Physics informed Transformer-VAE for biophysical parameter estimation: PROSAIL model inversion in Sentinel-2 imagery

TL;DR

This work addresses the challenge of retrieving canopy biophysical variables from satellite data without needing real‑image labels for training. It introduces a physics‑informed Transformer‑VAE that embeds the PROSAIL radiative transfer model as a differentiable decoder, trained exclusively on synthetic PROSAIL simulations to infer posterior distributions over canopy parameters such as $LAI$ and $CCC$. The model demonstrates competitive accuracy on real field datasets (FRM4Veg and BelSAR) compared with methods trained on real imagery, while providing uncertainty quantification via the latent distribution. By coupling physical model constraints with a Transformer encoder, the approach achieves physically plausible inversions and suggests a viable path to global, calibration‑free vegetation trait products from Sentinel‑2 imagery, with potential extensions to hyperspectral data and additional RTMs.

Abstract

Accurate retrieval of vegetation biophysical variables from satellite imagery is crucial for ecosystem monitoring and agricultural management.

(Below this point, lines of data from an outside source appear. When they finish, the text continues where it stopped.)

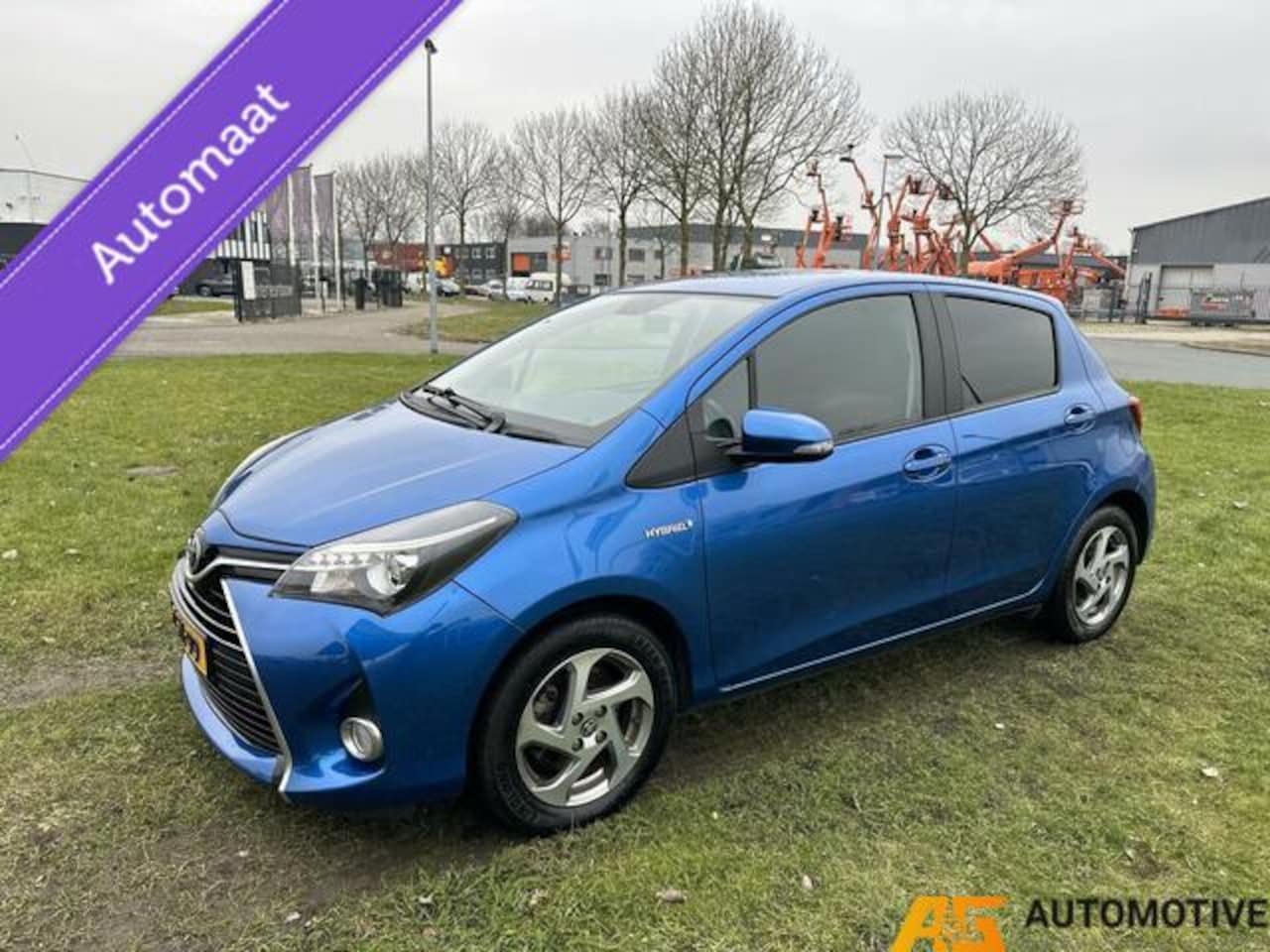 Toyota Yaris - 1.5 Hybrid 5DRS 2015 Blauw NAP - AutoWereld.nl
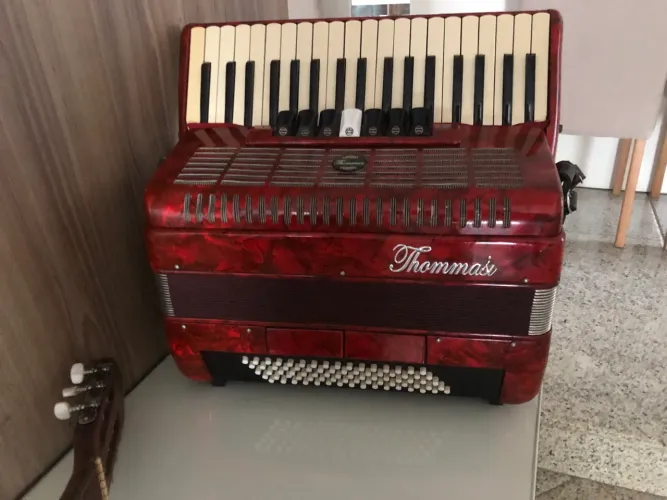 Vendo acordeon 80 baixos super conservada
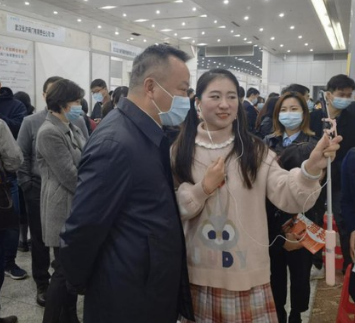 武汉市江汉区举办春风行动招聘会 70多家单位供岗三千个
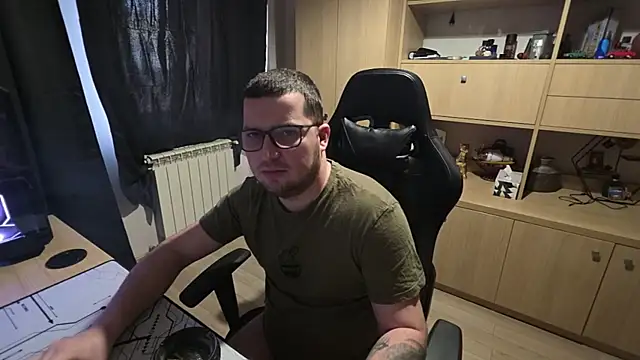 kevinnlovelly online show from February 13, 11:39 am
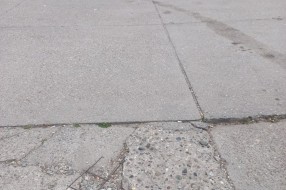 Oštećenje asfalta na parkingu (ulica Sekereš Lasla)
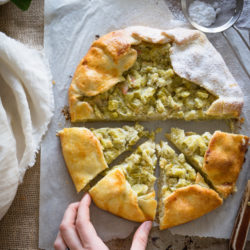 Tarte rustique rhubarbe-amande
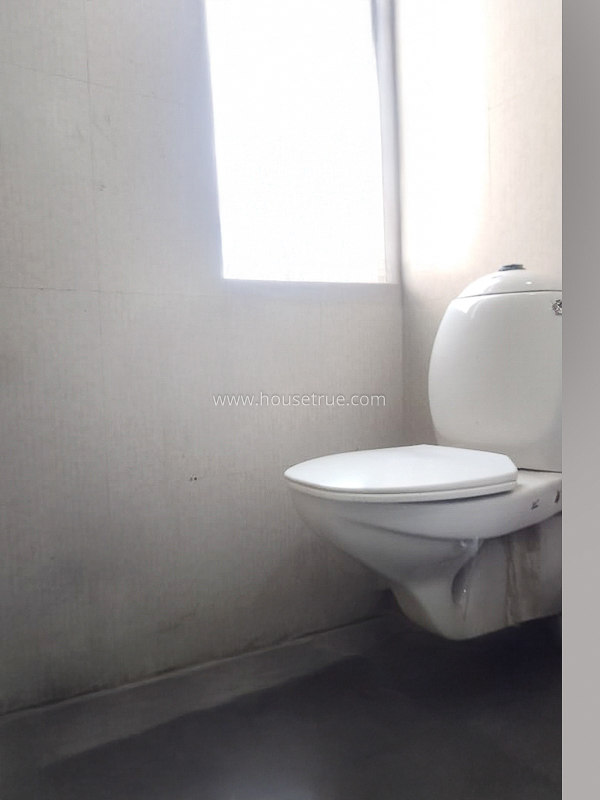 Office Space Lease in Mohan Cooperative Industrial Estate Mathura Road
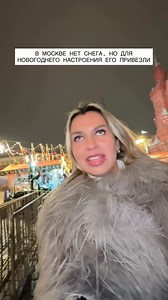 ❄️ Snow started being delivered to Moscow by trucks. Winter didn't come — it was brought in.🤣 | The Red Square-Russia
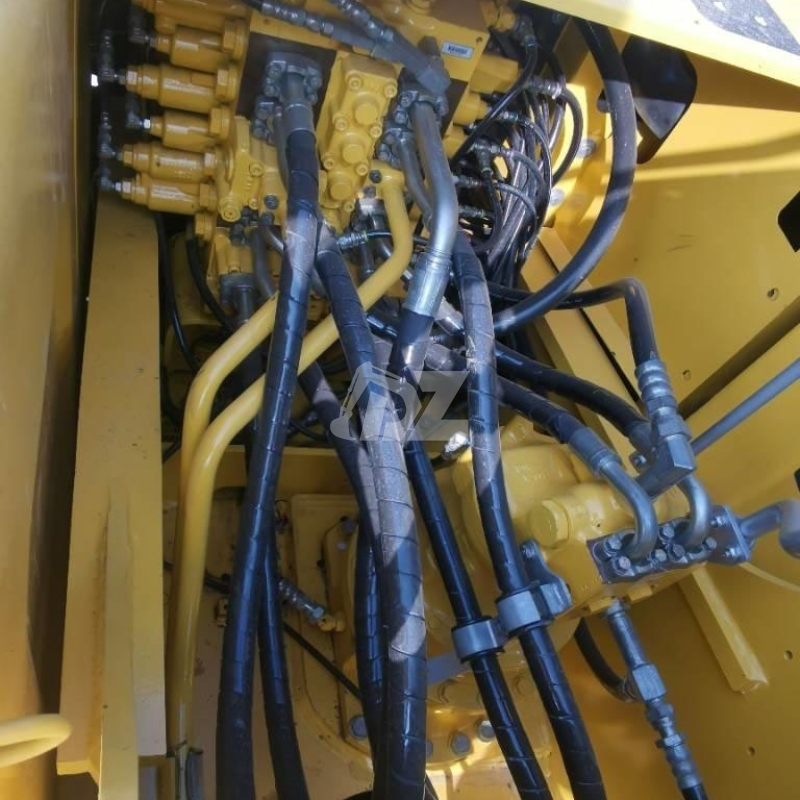 Used Excavators Komatsu PC200-8N1 Original Low Price Crawler Hydraulic Excavator Machinery Japanese Condition Hot Sale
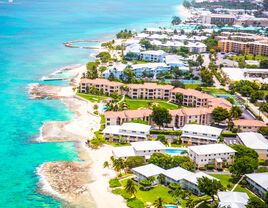 Stingray city in Grand Cayman, Cayman Islands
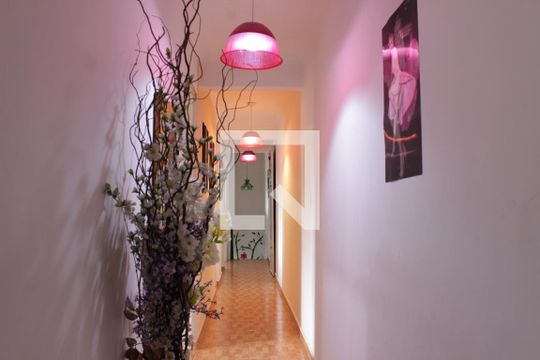 Corredor de casa para alugar com 3 quartos, 300m² em Sumaré, São Paulo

In this work, we propose a physics-informed Transformer-VAE architecture to invert the PROSAIL radiative transfer model for simultaneous estimation of key canopy parameters from Sentinel-2 data. Unlike previous hybrid approaches that require real satellite images for self-supevised training. Our model is trained exclusively on simulated data, yet achieves performance on par with state-of-the-art methods that utilize real imagery. The Transformer-VAE incorporates the PROSAIL model as a differentiable physical decoder, ensuring that inferred latent variables correspond to physically plausible leaf and canopy properties. We demonstrate retrieval of leaf area index (LAI) and canopy chlorophyll content (CCC) on real-world field datasets (FRM4Veg and BelSAR) with accuracy comparable to models trained with real Sentinel-2 data. Our method requires no in-situ labels or calibration on real images, offering a cost-effective and self-supervised solution for global vegetation monitoring. The proposed approach illustrates how integrating physical models with advanced deep networks can improve the inversion of RTMs, opening new prospects for large-scale, physically-constrained remote sensing of vegetation traits.

Figures (5)

• Figure 1: End‐to‐end architecture: (a) training with transformer-VAE & PROSAIL decoder, (b) inference and validation.
• Figure 2: Spatial distribution of field validation points at the Las Tiesas-Barrax agricultural test site in central Spain, with measurements collected during two separate campaigns in 2018 (green points) and 2021 (red points).
• Figure 3: Field validation points at Wytham Woods, showing the distribution of in-situ LAI and CCC measurements (red points) throughout the ancient deciduous forest site.
• Figure 4: Agricultural test site used for the BelSAR campaign in central Belgium, showing a mosaic of crop fields with validation sites highlighted in red.
• Figure 5: Top: Predicted versus in-situ measured Leaf Area Index (LAI) across all validation sites and land cover types. Bottom: Predicted versus in-situ measured Canopy Chlorophyll Content (CCC) for the same sites and land covers. Each point represents a field measurement, colored by land cover class and shaped by site. Error bars indicate prediction uncertainty. The black line is the 1:1 line (perfect agreement), and the red line is the best-fit regression.